Canadian unit deploys to the field under orders that no cell phones will be brought to the field by anyone (except for one duty cell).

Chain of command realises they can't function without cell phone so begin sending orders and messages over text here and there. 

SNCOs see this, roll their eyes and sneak out their cell phones.

Soldiers see officers and NCOs on their cell phones sneaking messages so turn theirs on. 

One hapless new private pulls his cell phone out and starts texting, probably in a secure area, and doesn't understand why he's getting in shit since everyone else is doing it.


----------



## Brash (24 Dec 2019)

Jarnhamar said:
			
		

> Underestimates it or doesn't care?
> 
> Canadian unit deploys to the field under orders that no cell phones will be brought to the field by anyone (except for one duty cell).
> 
> ...



Mobile devices do not need to be actively sending texts in order to broadcast.
They don't even need to be out of airplane/RF-secure mode, or even "on", in order to pose a danger.  
(holding down a button until the screen goes black does not necessarily mean the device is completely powered down)

Train as you fight.
*Don't* bring devices to the field, *charge* those that do- even and especially the officers and SNCOs.


----------



## PuckChaser (25 Dec 2019)

Brashendeavours said:
			
		

> Mobile devices do not need to be actively sending texts in order to broadcast.
> They don't even need to be out of airplane/RF-secure mode, or even "on", in order to pose a danger.
> (holding down a button until the screen goes black does not necessarily mean the device is completely powered down)
> 
> ...


You have to meet troops in the middle. Stop putting them on exercise for a month straight with no comms to home with an order not to bring cell phones. Not every exercise needs to be trained at 100% worst case scenario either. Pick a short exercise, brief an extensive enemy EW capability and then when someone brings out a phone, have consequences that link to the mission (crash move, enemy warned of attack, etc). No cell phones sounds like a BS order until a pallet of arty sims is being thrown at you and you're crash moving the defensive at 0200.
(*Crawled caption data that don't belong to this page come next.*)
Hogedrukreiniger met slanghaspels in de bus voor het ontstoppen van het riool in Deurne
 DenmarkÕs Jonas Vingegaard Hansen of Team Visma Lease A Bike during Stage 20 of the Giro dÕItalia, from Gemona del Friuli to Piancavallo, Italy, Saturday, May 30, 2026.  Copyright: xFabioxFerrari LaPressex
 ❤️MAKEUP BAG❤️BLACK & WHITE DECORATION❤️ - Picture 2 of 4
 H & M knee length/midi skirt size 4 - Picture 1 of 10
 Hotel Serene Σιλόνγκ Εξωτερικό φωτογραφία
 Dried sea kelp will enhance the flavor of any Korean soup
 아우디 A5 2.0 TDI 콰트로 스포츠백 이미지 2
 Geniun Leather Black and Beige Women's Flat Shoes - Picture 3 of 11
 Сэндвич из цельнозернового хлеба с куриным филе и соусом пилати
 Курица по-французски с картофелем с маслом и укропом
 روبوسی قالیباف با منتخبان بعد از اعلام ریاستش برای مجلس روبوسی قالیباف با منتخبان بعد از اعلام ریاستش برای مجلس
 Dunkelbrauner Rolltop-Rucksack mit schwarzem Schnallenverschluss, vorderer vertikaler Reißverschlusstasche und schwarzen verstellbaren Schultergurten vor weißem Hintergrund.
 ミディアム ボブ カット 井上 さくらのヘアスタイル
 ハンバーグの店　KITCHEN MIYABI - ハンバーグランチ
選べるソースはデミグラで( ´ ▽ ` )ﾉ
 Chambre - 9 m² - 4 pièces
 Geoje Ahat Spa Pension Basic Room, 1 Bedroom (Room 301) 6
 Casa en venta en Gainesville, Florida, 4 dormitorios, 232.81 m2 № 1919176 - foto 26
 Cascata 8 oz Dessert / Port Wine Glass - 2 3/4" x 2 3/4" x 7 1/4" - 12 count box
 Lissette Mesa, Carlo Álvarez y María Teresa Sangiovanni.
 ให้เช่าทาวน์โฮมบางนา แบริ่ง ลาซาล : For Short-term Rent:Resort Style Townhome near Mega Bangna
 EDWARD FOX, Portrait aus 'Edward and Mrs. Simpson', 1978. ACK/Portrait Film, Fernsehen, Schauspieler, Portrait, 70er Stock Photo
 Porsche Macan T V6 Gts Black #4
I've spent years briefing IT threats and people only understand when they can see the consequences of action/in action. It also helps when the G6 or SigO can explain things in common language instead of sounding like Sheldon from big bang theory.


----------



## Infanteer (25 Dec 2019)

Puckchaser's right - this is akin to telling troops 20 years ago to not bring a book or a deck of cards.  I had platoon warrants collect mobile devices in an ammo can to be stored with the CQ when the tactical scenario warranted it, but other than that, troops were free to bring them to kill time when they had it.


----------



## FJAG (25 Dec 2019)

PuckChaser said:
			
		

> You have to meet troops in the middle. Stop putting them on exercise for a month straight with no comms to home with an order not to bring cell phones. Not every exercise needs to be trained at 100% worst case scenario either. Pick a short exercise, brief an extensive enemy EW capability and then when someone brings out a phone, have consequences that link to the mission (crash move, enemy warned of attack, etc). No cell phones sounds like a BS order until a pallet of arty sims is being thrown at you and you're crash moving the defensive at 0200.
> 
> I've spent years briefing IT threats and people only understand when they can see the consequences of action/in action. It also helps when the G6 or SigO can explain things in common language instead of sounding like Sheldon from big bang theory.



No you don't need to meet them in the middle. Maybe I'm showing my age again but we didn't have cell phones etc so when we went into the field for a month or more we were able to survive quite well without messaging people with pictures of our RP-4s or IMPs. 

Military life is about both discipline and self-discipline. Training them how to let go of their umbilical cords by leaving these devices at home is part and parcel to their security training. Can you really trust your unit's security to the good will of an 18 year old to not use his cellphone and to disconnect it's battery? If he's not supposed to use it why take it along at all?

 :stirpot:


----------



## Brash (25 Dec 2019)

PuckChaser said:
			
		

> You have to meet troops in the middle. Stop putting them on exercise for a month straight with no comms to home with an order not to bring cell phones. Not every exercise needs to be trained at 100% worst case scenario either. Pick a short exercise, brief an extensive enemy EW capability and then when someone brings out a phone, have consequences that link to the mission (crash move, enemy warned of attack, etc). No cell phones sounds like a BS order until a pallet of arty sims is being thrown at you and you're crash moving the defensive at 0200.
> 
> I've spent years briefing IT threats and people only understand when they can see the consequences of action/in action. It also helps when the G6 or SigO can explain things in common language instead of sounding like Sheldon from big bang theory.



You absolutely do not need to meet them in the middle. This minimizes the threat perception by the troops, and encourages skirting of the directives.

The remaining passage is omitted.